The experiment just showed that birds were confident or afraid based on the size of the breast stripe. The only change in the experiment was in the stripe. ALL birds had the same reaction.
Paragraph 3 said stripe width was the only factor correlated with fighting ability. Age wasn’t. The fact that a factor is mentioned doesn’t mean it is a decisive factor that must be included in any test.
Whereas B just devastates the experiment. In an experiment you’re only supposed to change one factor. B shows several are changed.
Hope that helps!
I reread the specific passage in question several times over – I understand that a point being made is that controlling for other factors does not mean that they have no effect. The size of a bird dummy, if varied, will possibly influence the results. But doesn’t this mean that a change in the quality of the subjects, like their age, couldn’t equally devastate the study.
If all the birds included in the study were all abnormally heavy and had longer wings, they may react differently to the dummys. Likewise, just because age is controlled for, that doesn’t mean it has no influence. Controls simply mean the influence is accounted for. Age cannot be ruled out as having no effect on social standing merely because it is controlled for in determining that the stripe has some effect, just as the effect of the size of the birds cannot be ruled out of having any influence merely because they are controlled for.
C would demonstrate that the study has failed to adequately control for a variable that the earlier study did control for. We cannot rule out that the same phenomenen observed in the Harris sparrows may be occurring here.

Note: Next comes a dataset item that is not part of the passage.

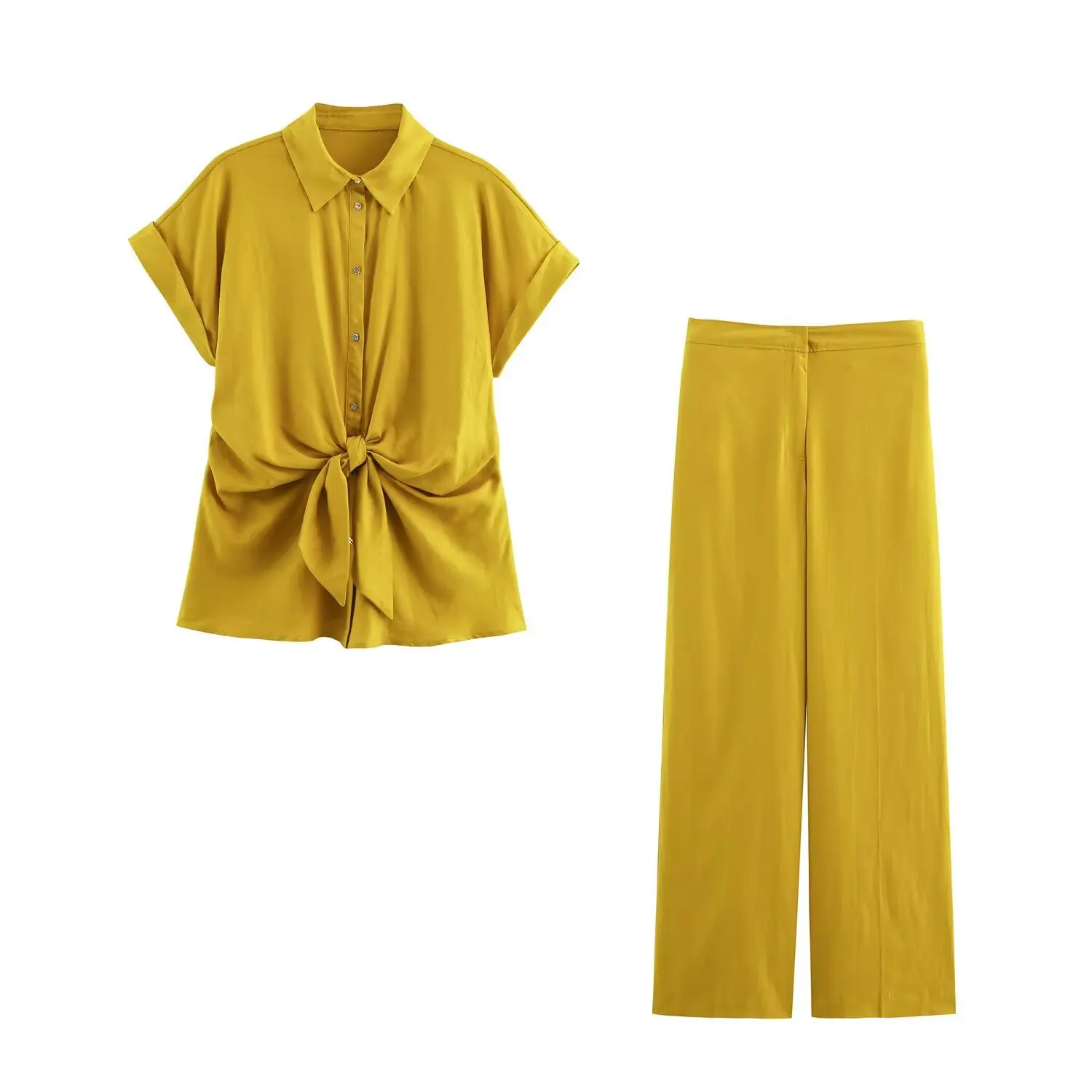 2025 New Sunflower Yellow Short Sleeve Turn Down Collar Bow Detail Shirt Wide Leg Pants Two Piece Set Women Casual Outfit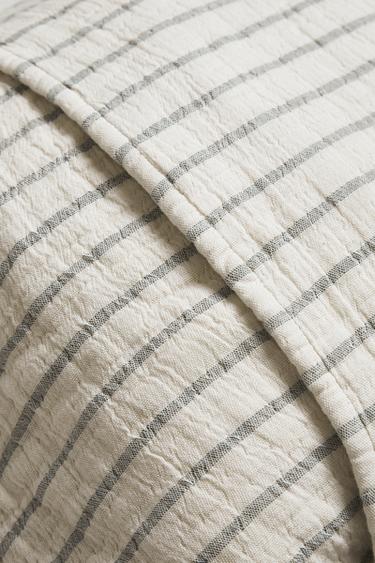 CHILDREN'S STRIPED MUSLIN CUSHION COVER FOR BEDSPREADS - Green / Blue by Zara - Image 4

An experiment doesn’t need to have perfectly representative samples to be useful. For example, if you show a comedy movie to adults and they laugh, that shows the movie can be funny. It doesn’t decisively prove that the movie is funny for all audiences in all places of all ages but it does provide evidence for the movie’s humour.
If there were no juveniles, the study could still show status signaling in the adults birds which were part of the study.
But if B is true the study is just useless. We don’t know if differences between the dummies were due to stripe width vs. another factor.
In other words, the experiment is testing: “Do birds react to differences in stripe width?”. Showing the dummies to adults can help answer that question. But if the dummies are fatally flawed then you can’t answer the question even if you show the dummies to every titmouse in the world including juveniles.
Hope that helps! Sampling is subtle.